= Eižens Ārinš =

Latvian mathematician and computer scientist

Eižens Ārinš (16 May 1911 – 13 February 1987) was a mathematician and computer scientist. He was one of those who contributed to the return of Emanuel Grinberg to the University of Latvia.

== Education and career==
Ārinš was born on 16 May 1911 in Krasnojarsk, Siberia, where his father was in exile. In 1920 the family returned to Riga. He graduated from the University of Latvia in 1941 during the German occupation of Latvia. After Second World War, Ārinš had to graduate again because the Soviet authorities refused to recognise his degree. He graduated again in 1946 from the Faculty of Physics and Mathematics of the Latvian State University. While lecturing in the university, he worked during 5 years at the Institute of Physics of the Latvian Academy of Sciences.

He continued his education at postgraduate level at the Moscow State University. He prepared his PhD thesis on partially continuous functions on products of topological spaces under the supervision of Russian topologist Lyudmila Keldysh. After defending his PhD in 1954, he returned to Latvia SSR where he was appointed as a docent at the university in 1955. From 1956 to 1960 he worked at the Institute of Physics of the Latvian Academy of Sciences.

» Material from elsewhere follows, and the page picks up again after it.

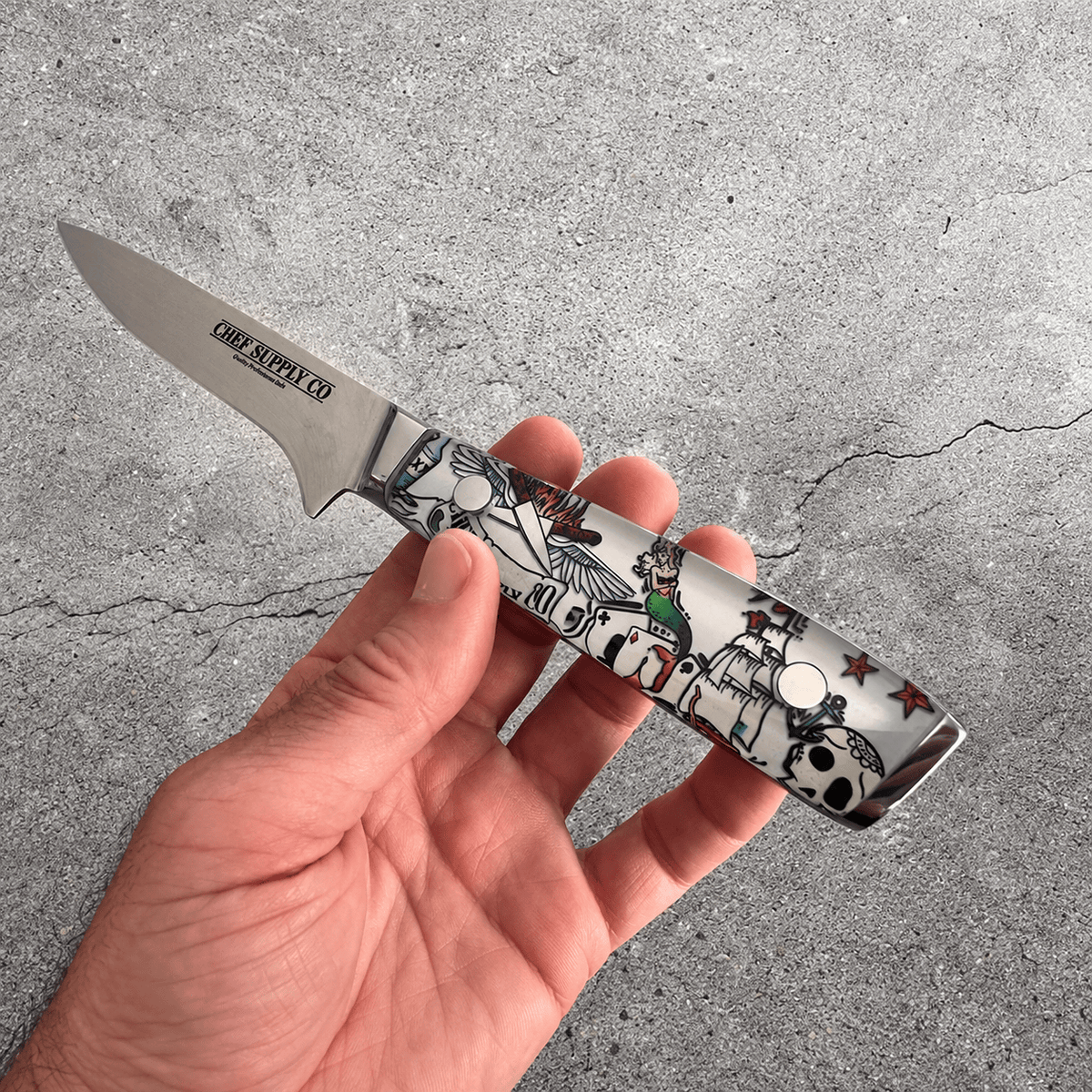 CHEF SUPPLY CO 45 Layer Damascus 18 cm Boning Knife - Inked Series - Open Box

In 1978 Soviet KGB attempted to recruit Eižens Āriņš to become a secret agent.

==Contributions==
He was a mathematician with a diverse spectrum of interests. He wrote papers in the descriptive theory of functions, theoretical computer science, and cybernetics.

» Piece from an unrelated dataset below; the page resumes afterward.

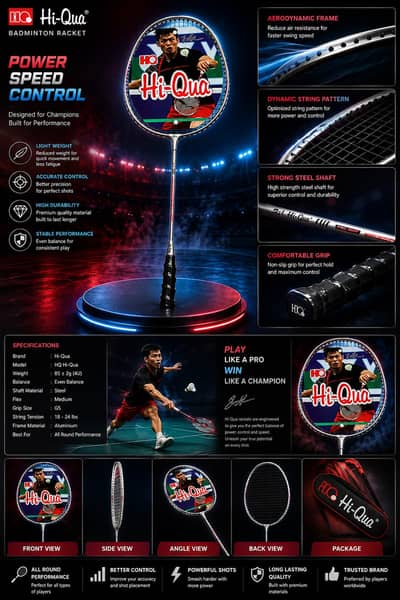 Hi-Qua HQ Badminton Racket – Lightweight & Durable | Original Cover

In addition to his research in mathematics, Ārīņš is remembered as the founder in 1959 of the Center of Computing at the State University of Latvia, one of the first institutions in the Soviet Union dedicated to computer science. He led the center, currently known as the Institute of Mathematics and Informatics of the University of Latvia, since his inception until 1978. In 1964 he received the honorary title of the Merit Scientist and Technical Worker of the Latvian SSR. Ārinš died on 13 February 1987.

==Recognition==
In 1998, the Latvian Academy of Sciences established the Eižens Ārinš Prize in computer science and its applications and has been awarded since 2000.